Each ball contains approximately 100 calories when making 16 balls.
Can I use quick oats instead of old-fashioned oats?
Yes, but quick oats create a softer texture. Rolled oats give more structure and bite.
What if I don’t have chocolate protein powder?
You can use vanilla protein powder or substitute with cocoa powder for flavor, though protein content will vary.
Can I use crunchy peanut butter?
Yes, but it will add more texture and may require a bit more water to bind the mixture.
Are these peanut-free?
Not as written. Try sunflower seed butter or another nut-free alternative for peanut allergies.

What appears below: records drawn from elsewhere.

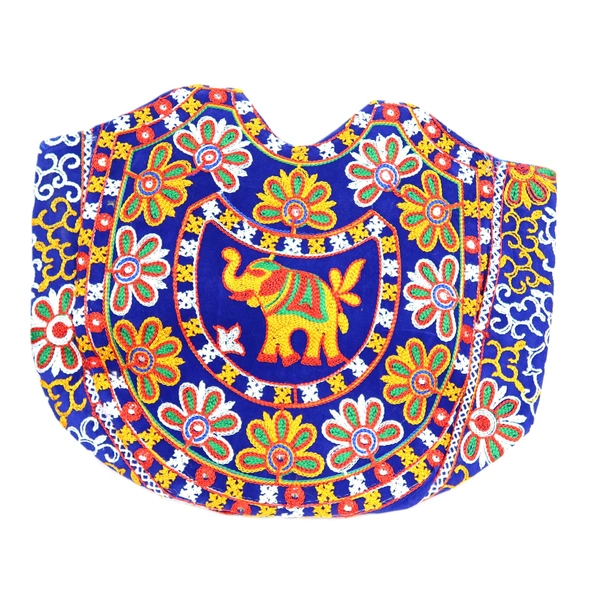 Royal Looking Cotton Traditional Ethnic Rajasthani Jaipuri Embroidered Hand bag/Purse for Girls Women (Blue Elephant) - 18x10x5 inch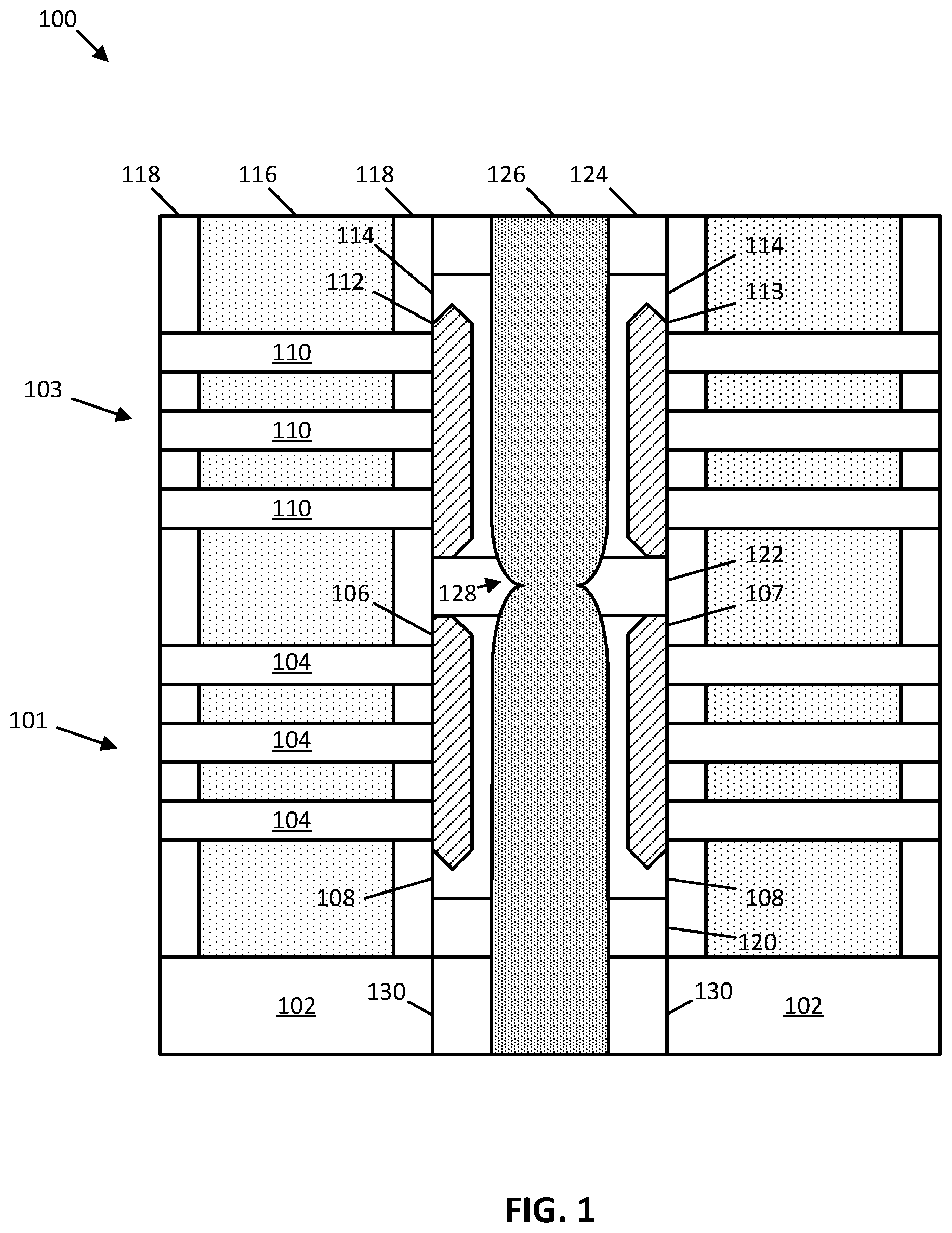 Patent US12581717 — Frontside and backside epi contact — Figure 1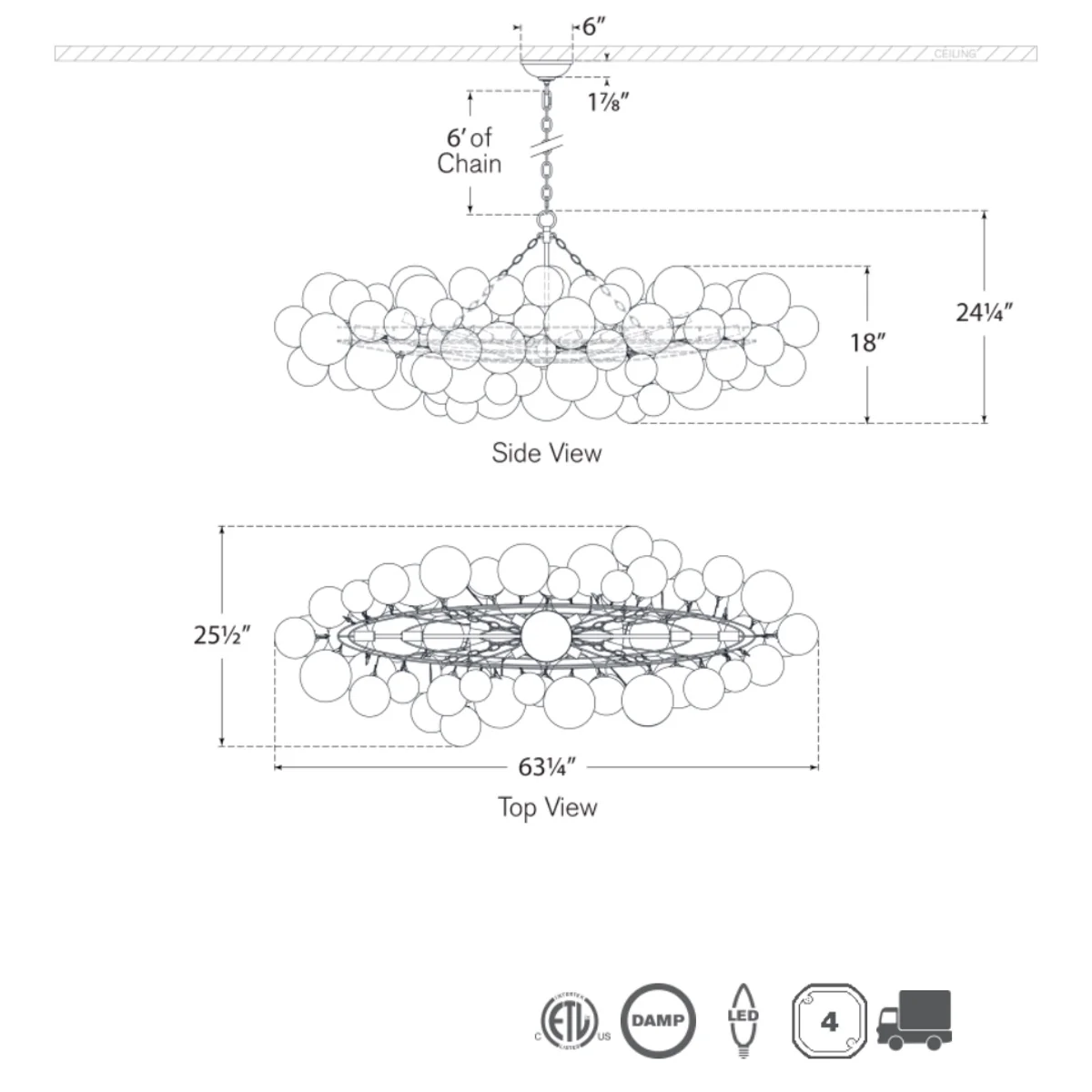 Talia Large Linear Chandelier - Image 4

Will they hold up at room temperature?
They may soften if left out too long. It’s best to keep them chilled for firmness.
Can I adjust the size of the balls?
Absolutely. Smaller or larger balls will change the serving count and nutritional info per serving.
Do I have to refrigerate them?
Yes, chilling helps the balls firm up and improves their texture and shelf life.
Can I add other protein-rich ingredients?
Yes—try whey crisps, chopped nuts, or seeds. You may need to adjust liquids to maintain the right consistency.
How should I serve them?
Serve them chilled as a quick snack, post-workout treat, or healthy dessert alternative.
Conclusion
Chocolate peanut butter protein balls are a simple yet satisfying snack that balances flavor and nutrition. Easy to customize, quick to prepare, and perfect for storing ahead, they’re a staple recipe for anyone looking to fuel up with something delicious and wholesome. Try them once, and they just might become your go-to snack for busy days.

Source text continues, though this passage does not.